5 things to know about how a federal shutdown hits in Alaska

A U.S. Postal Service worker loads up a truck at the Federal Building in Juneau on April 21, 2022. (Photo by Jeremy Hsieh/KTOO)

With Congress unable to agree on a spending plan, federal agencies are preparing for a government shutdown that could begin Sunday, Oct. 1.

Here are five things to know:

Some Alaskans could miss paychecks

Alaska is home to about 15,000 civilian federal workers. They’d be affected differently, depending on what jobs they do and how their agencies are funded. 

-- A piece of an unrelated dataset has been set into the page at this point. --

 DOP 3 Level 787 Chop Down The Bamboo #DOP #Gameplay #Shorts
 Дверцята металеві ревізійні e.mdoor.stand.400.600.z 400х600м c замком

Essential workers, like air traffic controllers and FBI agents, would work but without paychecks until the impasse is resolved. Other workers would be furloughed. They’d get backpay when Congress passes a bill to restart government. 

What about the military?

Service members must also remain on the job. A bill pending in Congress would keep checks flowing to active duty personnel, civilian base workers and Defense contractors. If the bill passes, the Coast Guard would also get paid during the shutdown.

Just before past shutdowns, Congress has passed bills exempting the military, but that’s not assured this time. Sen. Patty Murray, D-Wash., chair of the Appropriations Committee, said Wednesday that she was still working on a broader bill so that everyone got paid.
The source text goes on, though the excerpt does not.